Von Alexander Menden

Es gab Zeiten, da war der New Musical Express das, was man gemeinhin eine "Bibel" nennt - Pflichtlektüre für Leute, für die der Rock nicht einfach irgendein Musikstil, sondern eine noch nicht dem Pop-Einheitsbrei untergemischte Lebenshaltung war. Einer kaufte sich das Heft und verlieh es an mindestens zwei Kumpels. Zu seinen besten Zeiten in den Siebzigerjahren hatte der NME eine wöchentliche Auflage von 270 000 verkauften Heften, und etwa eine Million Leser.

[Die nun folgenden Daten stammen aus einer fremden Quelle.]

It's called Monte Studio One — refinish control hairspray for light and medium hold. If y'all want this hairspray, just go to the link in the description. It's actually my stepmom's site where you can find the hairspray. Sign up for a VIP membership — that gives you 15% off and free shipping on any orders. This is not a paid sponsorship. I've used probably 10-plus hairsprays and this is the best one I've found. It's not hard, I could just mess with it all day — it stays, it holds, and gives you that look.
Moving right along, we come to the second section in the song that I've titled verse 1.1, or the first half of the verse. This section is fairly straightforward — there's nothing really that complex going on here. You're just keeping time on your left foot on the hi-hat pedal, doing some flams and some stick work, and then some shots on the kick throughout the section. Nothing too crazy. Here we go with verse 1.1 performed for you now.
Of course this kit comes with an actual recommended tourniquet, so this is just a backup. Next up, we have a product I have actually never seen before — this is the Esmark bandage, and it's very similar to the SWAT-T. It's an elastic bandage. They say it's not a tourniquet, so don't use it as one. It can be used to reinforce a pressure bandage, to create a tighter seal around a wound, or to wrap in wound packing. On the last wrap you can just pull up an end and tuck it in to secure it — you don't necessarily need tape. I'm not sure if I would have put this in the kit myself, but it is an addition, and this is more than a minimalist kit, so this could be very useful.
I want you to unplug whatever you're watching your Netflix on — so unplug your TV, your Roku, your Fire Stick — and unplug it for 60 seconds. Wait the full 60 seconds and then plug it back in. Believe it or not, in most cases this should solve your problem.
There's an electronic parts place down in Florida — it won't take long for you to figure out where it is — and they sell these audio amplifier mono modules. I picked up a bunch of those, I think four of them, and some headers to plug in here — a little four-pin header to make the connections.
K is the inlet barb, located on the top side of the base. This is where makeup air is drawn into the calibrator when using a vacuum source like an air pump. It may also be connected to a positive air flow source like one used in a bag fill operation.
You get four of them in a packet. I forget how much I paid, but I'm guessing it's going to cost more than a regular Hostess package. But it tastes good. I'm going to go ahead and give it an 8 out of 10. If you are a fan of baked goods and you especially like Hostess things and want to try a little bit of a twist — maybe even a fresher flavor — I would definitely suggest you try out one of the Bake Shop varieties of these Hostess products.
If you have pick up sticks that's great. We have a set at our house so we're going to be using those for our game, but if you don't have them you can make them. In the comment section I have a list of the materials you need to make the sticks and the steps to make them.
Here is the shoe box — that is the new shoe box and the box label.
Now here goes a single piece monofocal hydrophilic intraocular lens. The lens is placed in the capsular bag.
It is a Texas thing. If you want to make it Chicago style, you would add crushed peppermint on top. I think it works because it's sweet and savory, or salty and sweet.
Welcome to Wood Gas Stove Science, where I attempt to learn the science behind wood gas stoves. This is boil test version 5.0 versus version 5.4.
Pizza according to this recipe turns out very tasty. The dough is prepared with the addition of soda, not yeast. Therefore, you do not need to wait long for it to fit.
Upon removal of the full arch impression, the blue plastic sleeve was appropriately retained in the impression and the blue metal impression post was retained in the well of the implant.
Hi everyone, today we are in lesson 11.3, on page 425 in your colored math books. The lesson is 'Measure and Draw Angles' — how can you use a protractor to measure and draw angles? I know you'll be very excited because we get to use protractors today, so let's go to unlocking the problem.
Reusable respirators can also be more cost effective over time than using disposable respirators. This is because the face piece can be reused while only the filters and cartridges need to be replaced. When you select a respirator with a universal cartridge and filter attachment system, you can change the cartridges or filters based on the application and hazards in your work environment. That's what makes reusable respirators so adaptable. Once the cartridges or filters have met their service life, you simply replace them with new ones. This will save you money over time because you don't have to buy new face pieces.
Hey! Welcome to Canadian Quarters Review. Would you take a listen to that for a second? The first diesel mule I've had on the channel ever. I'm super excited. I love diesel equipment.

Darüber, dass jene Zeiten unwiderruflich Geschichte sind, besteht auch für Freunde des letzten verbliebenen wöchentlich erscheinenden Musikmagazins der Insel schon lange Einigkeit. Die Leserschaft war in den vergangenen Jahren immer mehr geschrumpft. Zuletzt waren es gerade mal 15 000 - und das auch nur, weil die digitalen Leser von NME.com großzügig mitgezählt wurden. Wenn es noch eines weiteren Beweises für den Relevanzschwund dieser 63 Jahre alten Institution bedurfte, dann hat sie seine derzeitige Mutterfirma, Time Incorporated UK, jetzt geliefert: Der NME wird eine Gratiszeitschrift.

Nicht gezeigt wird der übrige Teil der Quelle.